─── Data ───

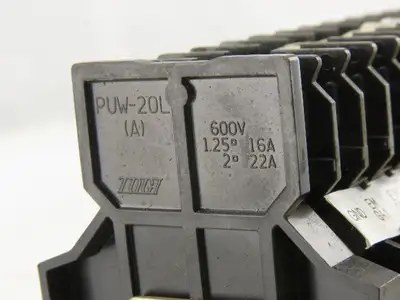 Togi PUW-20 DIN Rail Dual Terminal Block 600V 16A 600V 19 A 14 AWG Lot of 24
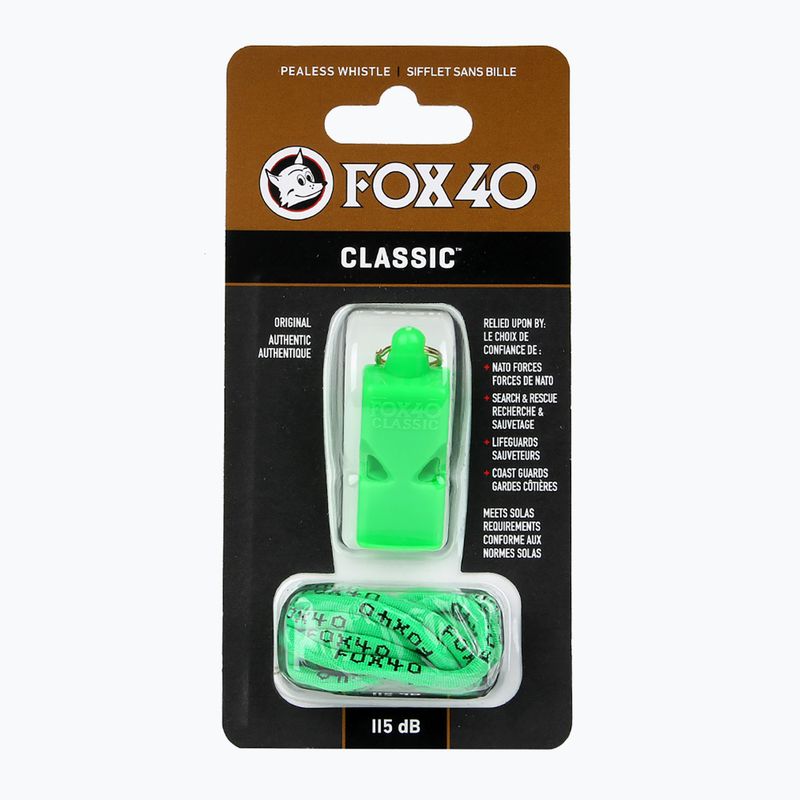 Свирка с шнур Fox 40 Classic Safety neon green 2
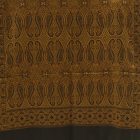 Châle noir-or 215x105 grande écharpe femme en coton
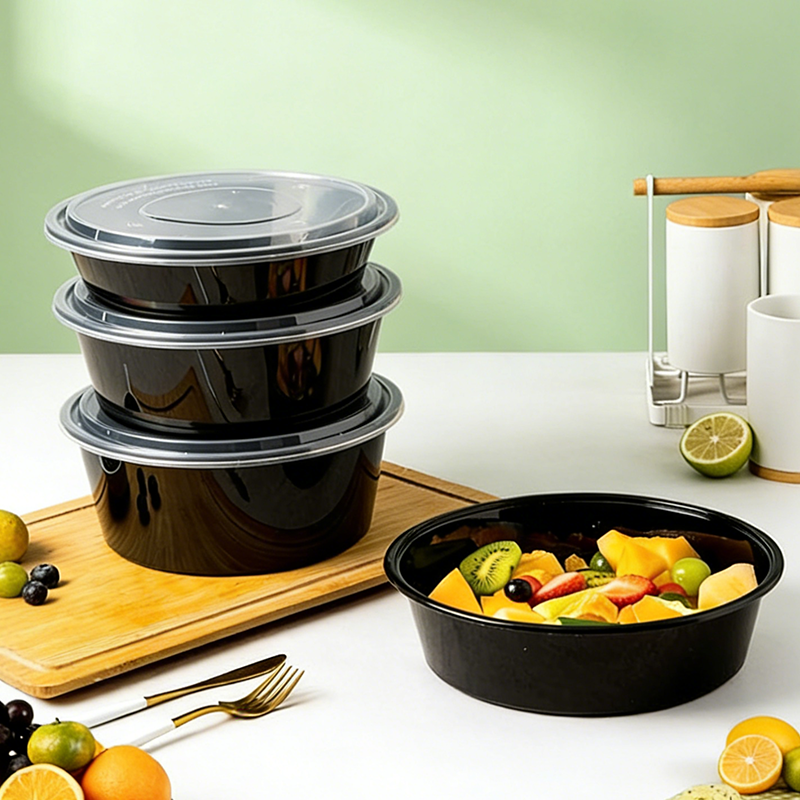 Premium FDA-Approved Plastic Round Takeaway Containers - Leakproof Microwave-Safe Bowls for Catering & Delivery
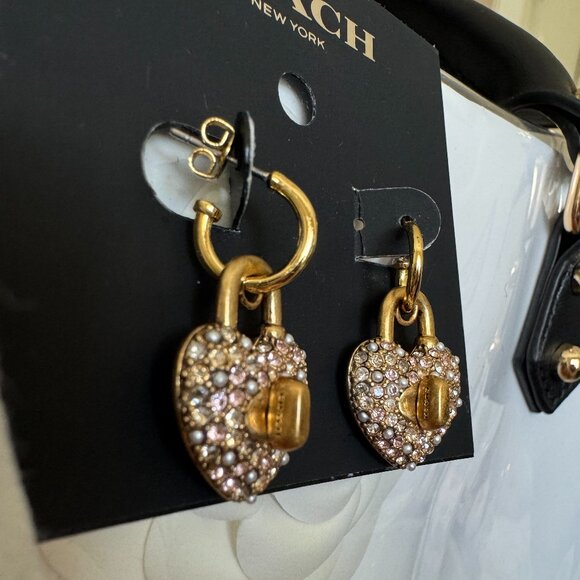 Coach Heart Turnlock Pavé Huggie Earrings (Gold/Pink Multi) - NWT - Picture 3 of 9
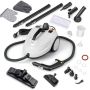 Steam cleaner, 15 accessories, White/black, 37 × 25 × 26 cm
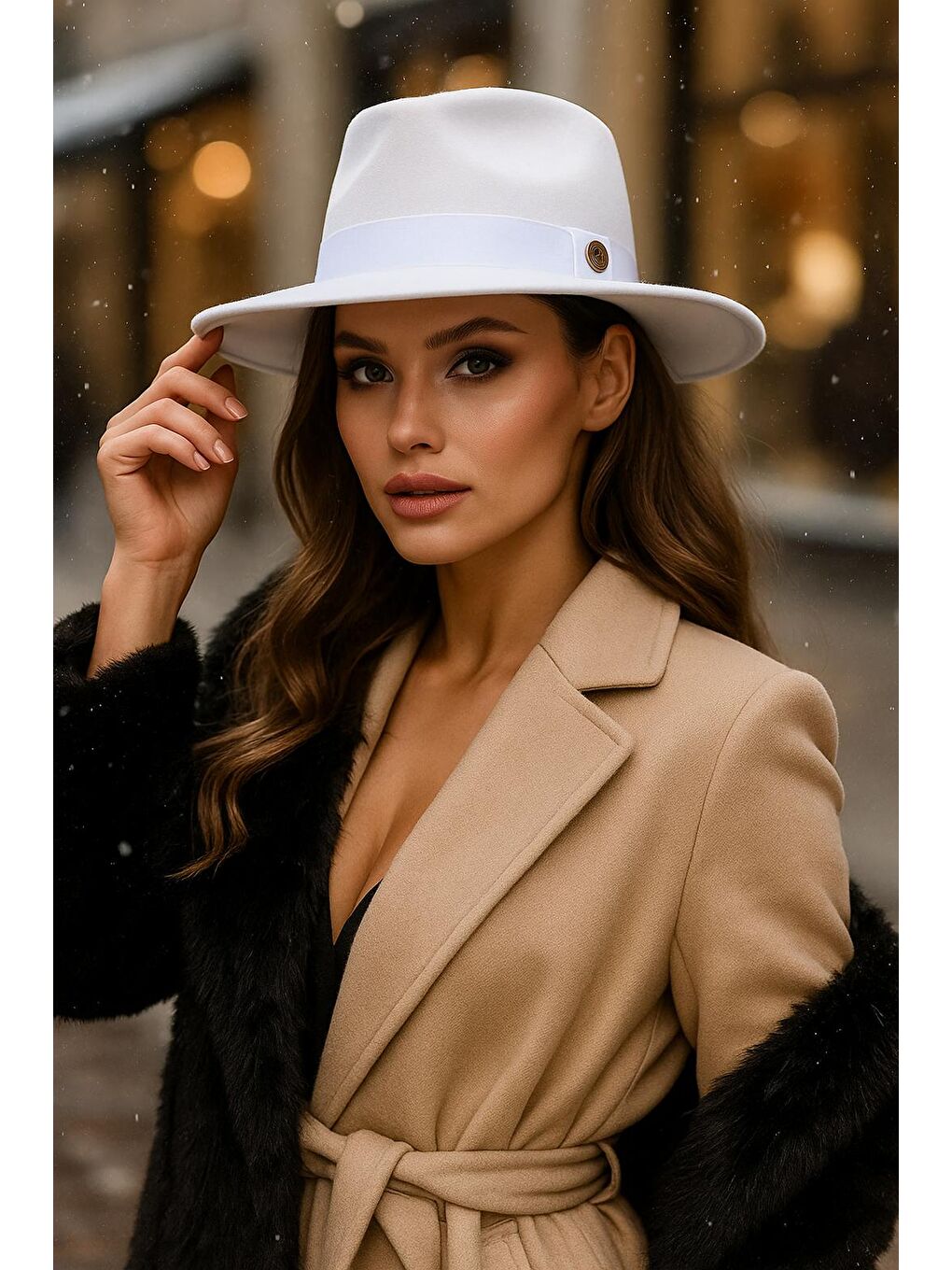 Beyaz İthal Kaşe Fötr Panama Şapka SPK1145-2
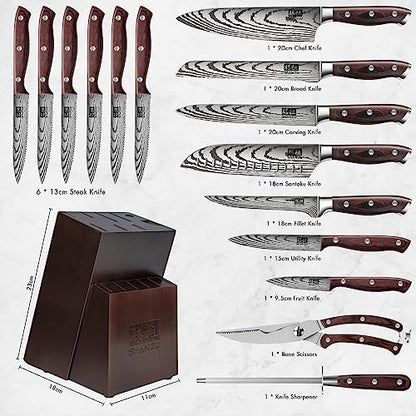 SHAN ZU Knife Set 16 pcs, Japanese Kitchen Knife with Block High Carbon Stainless Steel Ultra Sharp Knife for Kitchen, Professional Chef Knife Set with Sharpener - color: 16 PC KNIFE SET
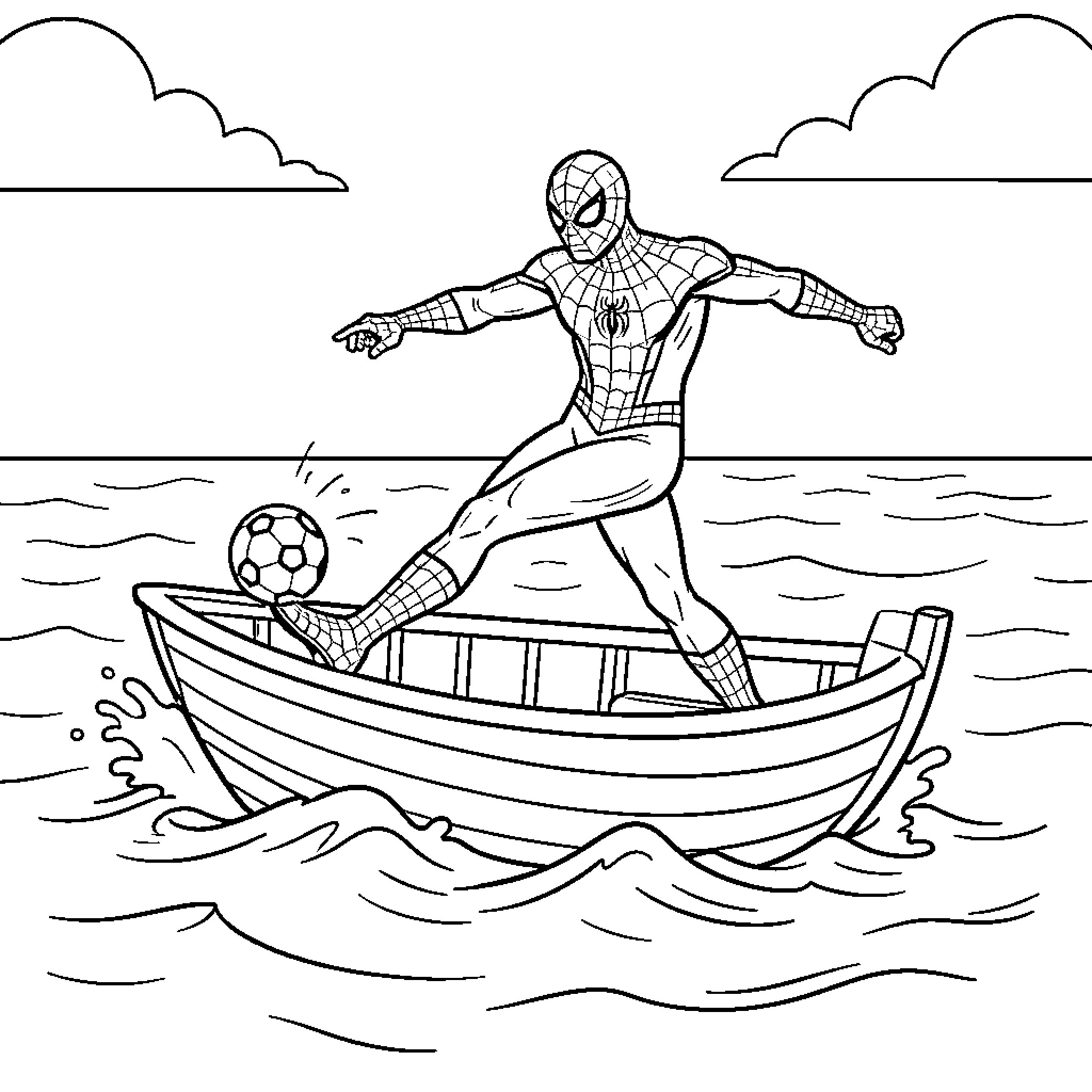 Spiderman kicking a soccer ball while balancing on a boat Coloring Page (free black-and-white line drawing printable PDF for all, from beginners to advanced learners, including children, teens, adults, and seniors)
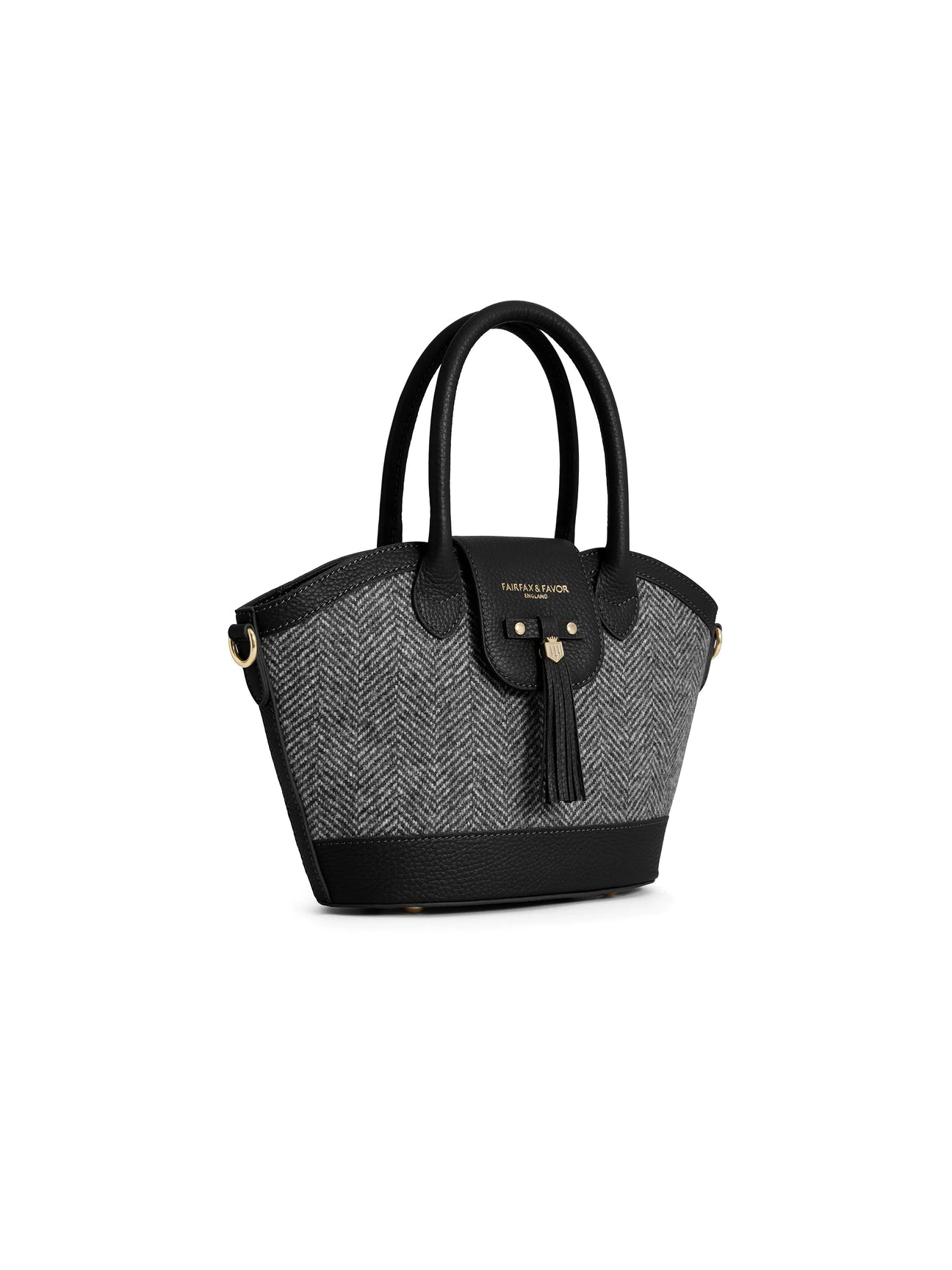 Windsor Black Herringbone Tote Bag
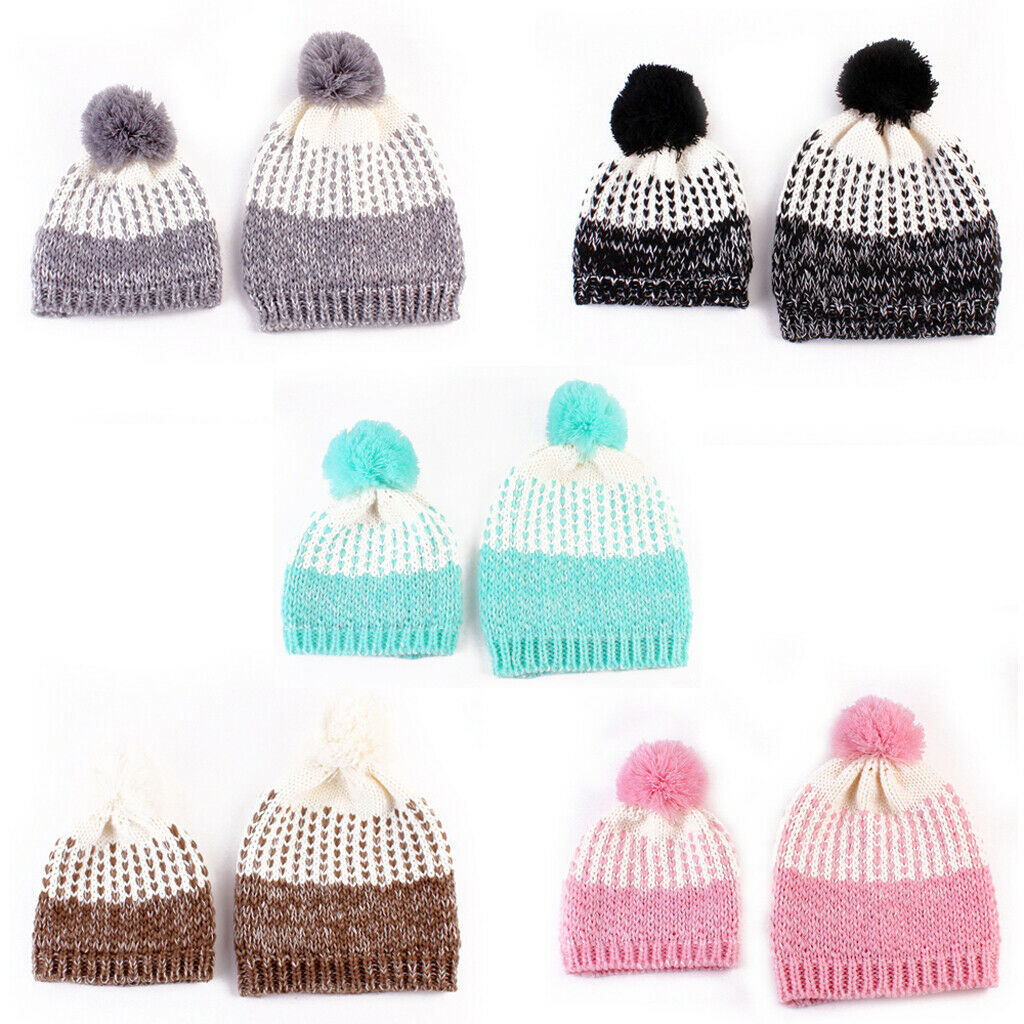 Winter Stylish Warm Novelty Mom Baby Knitted Pom Bobble Hat   Gray
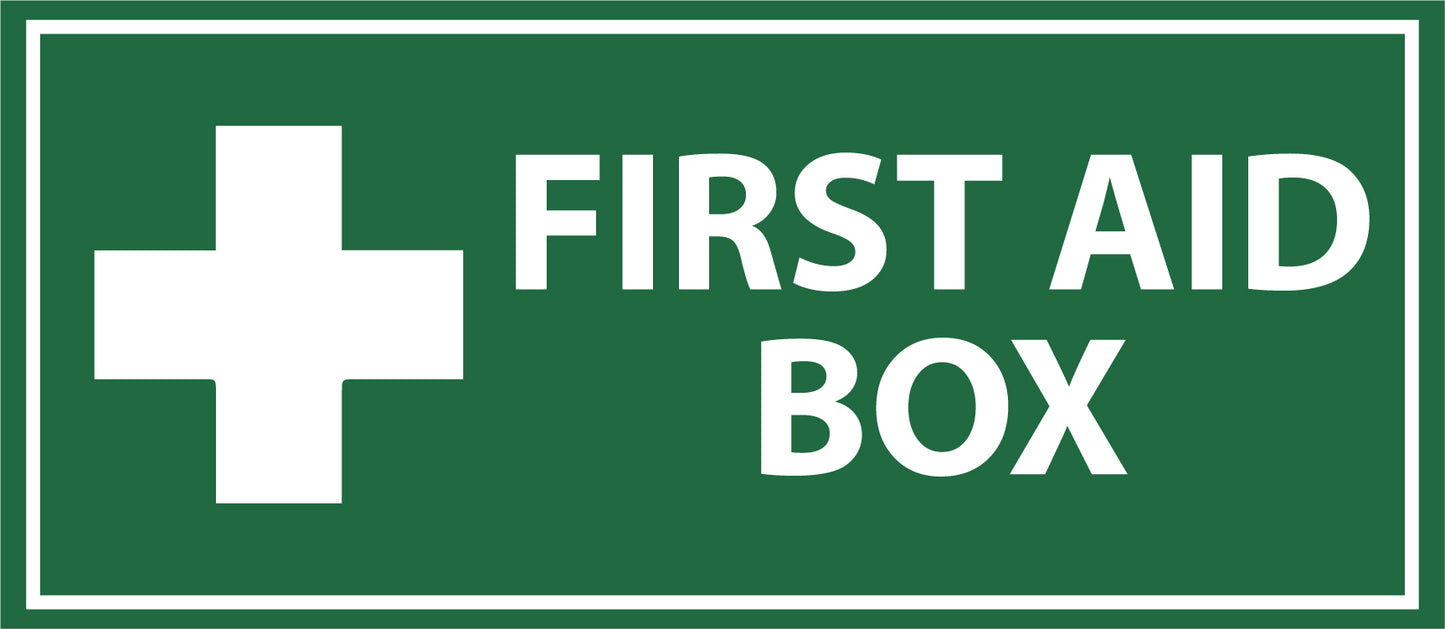 Safety "First Aid Box" Foam Sign Board - 11.5 in x 5 in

───

All the material above should be written out exactly, with images omitted.

 Togi PUW-20 DIN Rail Dual Terminal Block 600V 16A 600V 19 A 14 AWG Lot of 24
 Свирка с шнур Fox 40 Classic Safety neon green 2
 Châle noir-or 215x105 grande écharpe femme en coton
 Premium FDA-Approved Plastic Round Takeaway Containers - Leakproof Microwave-Safe Bowls for Catering & Delivery
 Coach Heart Turnlock Pavé Huggie Earrings (Gold/Pink Multi) - NWT - Picture 3 of 9
 Steam cleaner, 15 accessories, White/black, 37 × 25 × 26 cm
 Beyaz İthal Kaşe Fötr Panama Şapka SPK1145-2
 SHAN ZU Knife Set 16 pcs, Japanese Kitchen Knife with Block High Carbon Stainless Steel Ultra Sharp Knife for Kitchen, Professional Chef Knife Set with Sharpener - color: 16 PC KNIFE SET
 Spiderman kicking a soccer ball while balancing on a boat Coloring Page (free black-and-white line drawing printable PDF for all, from beginners to advanced learners, including children, teens, adults, and seniors)
 Windsor Black Herringbone Tote Bag
 Winter Stylish Warm Novelty Mom Baby Knitted Pom Bobble Hat   Gray
 Safety "First Aid Box" Foam Sign Board - 11.5 in x 5 in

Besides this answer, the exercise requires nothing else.